Now streaming on Netflix, it throws everything from a catastrophic hurricane, calamitous tsunami and carnivorous sharks aplenty at the screen. Directed by Tommy Wirkola, this is a film I went into expecting very little from, but, to my surprise, I came away from it more than satiated.
When a Category 5 hurricane decimates a coastal town, the storm surge brings devastation, chaos, and something far more frightening by way of hungry bull sharks, and one colossally seething great white with an appetite for destruction.
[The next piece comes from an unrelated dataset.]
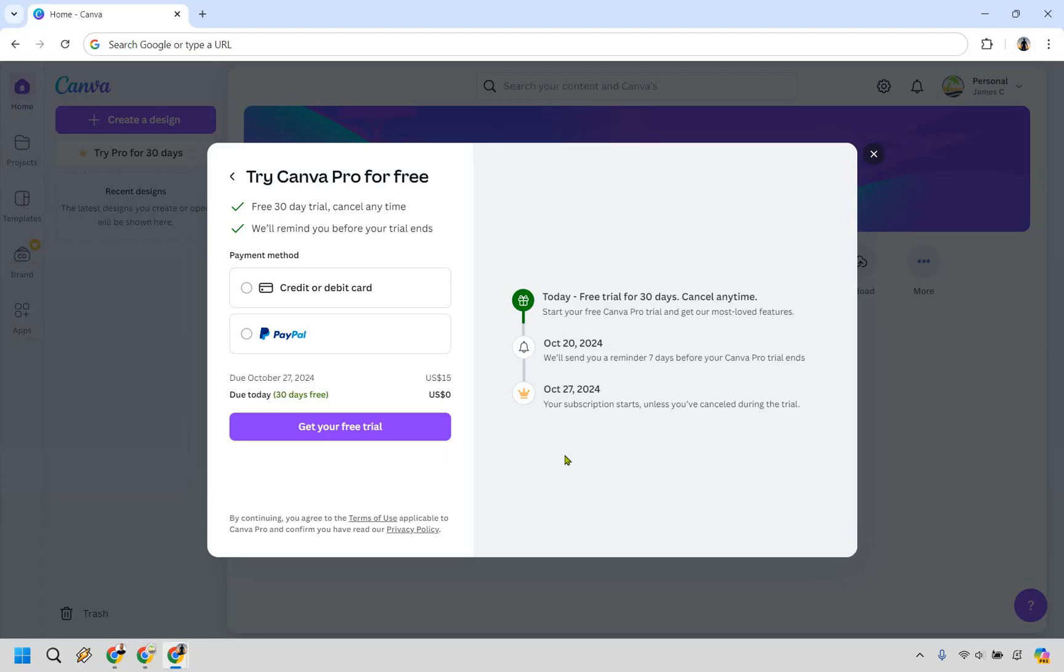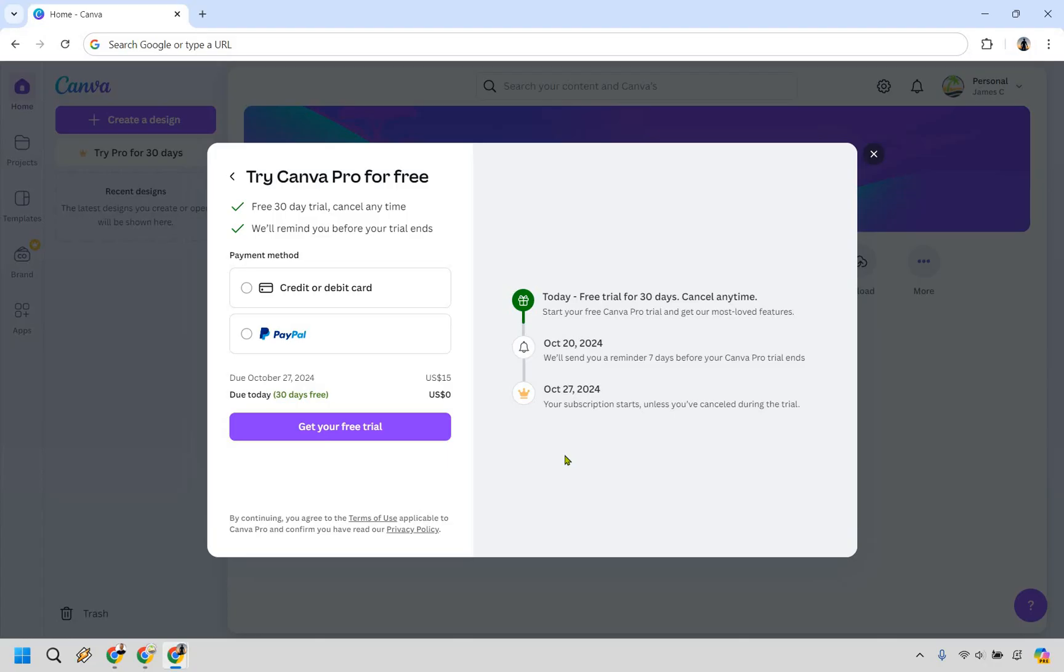That's how you can get a Canva Pro 30-day free trial. If this video helped you out, be sure to give it a thumbs up. If you made it to the end, a virtual high five for you. I'll have that link down below in case you want to get started using Canva easier. My name is James. Thank you so much for watching, and I'll see you in my next video.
Rednecks are swallowed whole as the town is consumed by the sea, and with the outside world unable to gain access, the townsfolk’s only hope of staying alive is by going head to head with these gluttonous terrors.
Wirkola’s movie isn’t going to trouble the Academy Awards submission panel but as far as shark movies go, this is lots of trashy fun that can be taken with a pinch of salt and a heaped spoonful of chum meat-based lure. And what it lacks in razor-sharp choppers, it more than makes up for by way of action-packed daftness.
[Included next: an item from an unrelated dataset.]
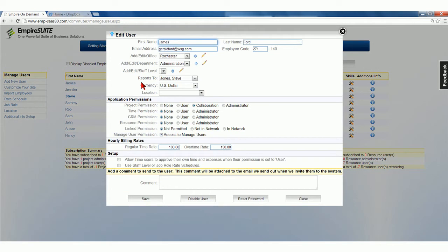This user will have the ability to assign specific permissions to other users. It's very easy to assign an employee Project Collaboration abilities. You can do this in the Application Permissions section.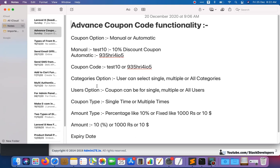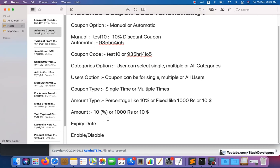We'll have a coupon code field, categories option where the user can select single, multiple, or all categories, then a user option where we can select single or multiple users, coupon type — single time or multiple time — and after that amount type, percentage wise or fixed wise like in rupees or dollars, then an amount field, expiry date, and enable/disable.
Like Crawl before it, this creature feature lacks originality or a plausible plot, the script is also floundering and the acting equally galumphing but, hey, its got squadrons of chompy sharks!
With a cast that includes Djimon Hounsou and Phoebe Dynevor, Thrash hits our screens with its tongue placed firmly in cheek. There’s an air of ridiculousness about it all, and the sharks, as many of them as there may be, are about as realistic as the Healy-Raes are dependable, and about as scary as a shoal of mackerel.
This fishy film is a ludicrous hoot that is definitely best enjoyed with eyebrow arched and brain switched to off.